The lift takes them underground where they find bodies of locals and mercenaries dumped in piles by the SS, led by an undead SS matron. Carlise distracts them and saves Lena from being discovered, but he is stabbed to death by the matron. Wallace locates the control schematics and points them to the containment chamber; Abbot and Lena find Hunt's body hardwired to Die Glockes large generator that controls the undead SS; Götz has managed to increase the generator's electro-magnetic emission range, enabling his battalion to expand beyond the bunker's initial containment field. Abbot is killed in an ambush whilst Hall is caught in a struggle with an SS-Mann and accidentally sets off the flares; with communications down via the EMP field, they are unable to call-off the launch. Wallace manages to trip an EMP wave that temporarily leaves all nearby SS guards vulnerable, allowing Hall to kill the matron and two other guards.

Hunt, barely alive, reveals the machine's unified field core device could only be powered down by Black Sun personnel who had the operating keys. Lena produces Neurath's ring with the key to deactivate the core but is stopped by Götz. Wallace is saved by Hall and they go to find the others. Götz prepares to inject Lena but Hunt uses his last remaining life force to discharge the core's containment energy into the reviving SS platoon. Lena grabs the key and shuts down the waves of esotericism energy containing the guards; Götz manages to hold-off Hunt's attack but is beaten and his skull smashed by Lena, destroying him. She retrieves Die Glockes field containment core and rendezvous with Wallace and Hall in the lift. Wallace suddenly executes Hall and wounds Lena, leaving her to die and escapes just before the outpost is bombed.

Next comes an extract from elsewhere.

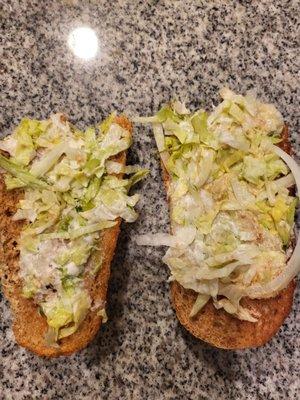 Wheat bun with lettuce and mayo. Where is the meat.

Sometime later, Wallace meets Klausner with one half the core as a bargaining chip in case he is double-crossed, whilst holding the other half at an auction. He suddenly receives a call from Lena, who survived the strike by hiding deep underground in the bunker; she warns him she is coming for him and Klausner.

==Cast==
- Catherine Steadman as Lena
- Richard Coyle as Wallace
- Clive Russell as Marius
- Daniel Caltagirone as Macavoy
- Gary Abbot as Abbot
- Ali Craig as Hall
- Nick Nevern as Carlise
- Johnny Meres as SS Brigadeführer Götz
- Julian Wadham as Francis Hunt
- Michael Byrne as SS Gruppenführer Neurath
- Martin Bell as Young Neurath
- David Gant as Klausener

== Production ==
Original Outpost producers Kieran Parker and Arabella Croft were joined by Matador producer Nigel Thomas for this sequel.

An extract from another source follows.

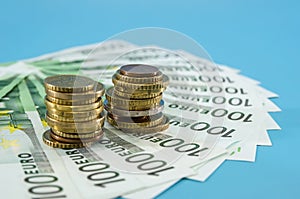 Stacks of coins and 100 euros on a blue background. Concept of savings, economy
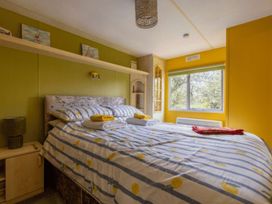 A bedroom with a bed and window at Coastal Hideaway in Cornwall Dog Friendly, Goldsithney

Filming took place at the old Lockerbie Academy (prior to its demolition), Kirkcudbright Army Training Area and on the Balmaghie estate near Castle Douglas.

==Reception==
Critical reception for Outpost: Black Sun has been negative. What Culture panned the film overall stating that although it initially held promise, the film "devolves into tedious trotting around dilapidated German villages" and that "even if the direction and performances are generally decent for a film of the type, it plays out like a dull mission from a particularly naff first-person-shooter video game, until an absurd final boss – a super-Nazi hooked up to electricity – appears, and makes it even more difficult to take seriously". In contrast, Anton Bitel of Little White Lies was positive in his review and praised the film's performances and production values.